Mereka pun gigih dalam menegakkan nilai-nilai tauhid itu meskipun masyarakatnya sangat gigih dalam menyembah berhala. Tuduhan sebagai hamba yang sesat, menyimpang, gila, atau terkena sihir. Bahkan terusir dari komunitasnya merupakan konsekuensi yang harus dihadapi.

Apa yang dialami Nabi Ibrahim menjadi salah satu contoh begitu gigih dan tangguhnya berpegang teguh dengan keimanannya. Dimulai dengan mendakwahi orang tuanya, sebagai pembuat patung, hingga mendatangi tempat ibadah yang penuh berhala, telah dilakukan Nabi Ibrahim. Apa yang dilakukan rasul Allah ini berujung pengusiran dan pembakaran karena semata-mata mendeklarasikan sebagai hamba yang beriman.

Hal yang sama juga dialami Nabi Muhammad yang mendakwahkan tauhid secara terbuka. Beliau mengajak kaumnya untuk meninggalkan berhala dan menyembah hanya kepada Allah saja. Rasulullah mendapat karunia besar dan ingin membagikannya kepada Masyarakat Quraisy. Karunia besar berupa kitab dan hikmah inilah yang membuat komunitas Quraisy dengki dan berupaya ingin meniadakannya. Hal ini ditegaskan Al-Qur’an sebagaimana firman-Nya :

أَمۡ يَحۡسُدُونَ ٱلنَّاسَ عَلَىٰ مَآ ءَاتَىٰهُمُ ٱللَّهُ مِن فَضۡلِهِۦ ۖ فَقَدۡ ءَاتَيۡنَآ ءَالَ إِبۡرَٰهِيمَ ٱلۡكِتَٰبَ وَٱلۡحِكۡمَةَ وَءَاتَيۡنَٰهُم مُّلۡكًا عَظِيمٗا

Ataukah mereka dengki kepada manusia (Muhammad) lantaran karunia yang Allah telah berikan kepadanya? Sesungguhnya Kami telah memberikan Kitab dan Hikmah kepada keluarga Ibrahim, dan Kami telah memberikan kepadanya kerajaan yang besar. (QS. An-Nisā : 54)

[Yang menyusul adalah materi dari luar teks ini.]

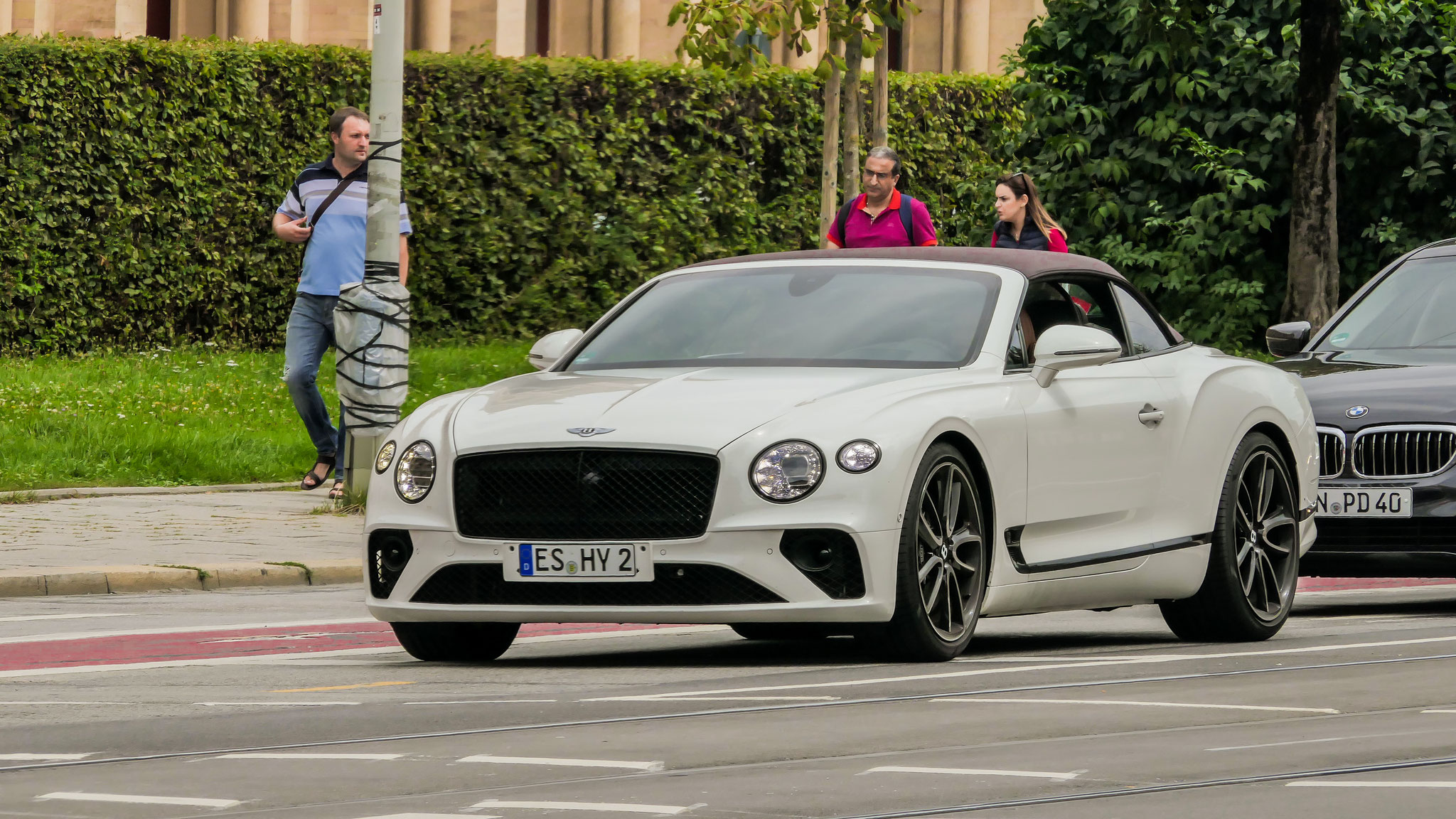 Bentley Continental GTC - ES-HY2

Apa yang dilakukan oleh Nabi Muhammad tidak berbeda dengan apa yang dilakukan oleh Nabi Ibrahim dan nabi sebelumnya merupakan bentuk kebanggaan sebagai hamba yang beriman. Allah pun mengganjar mereka dengan kerajaan yang amat besar dan agung. Para nabi dan rasul berupaya dengan sungguh-sungguh untuk menjadi Kitabullah sebagai hakim di dalam memutuskan perkara di tengah masyarakatnya.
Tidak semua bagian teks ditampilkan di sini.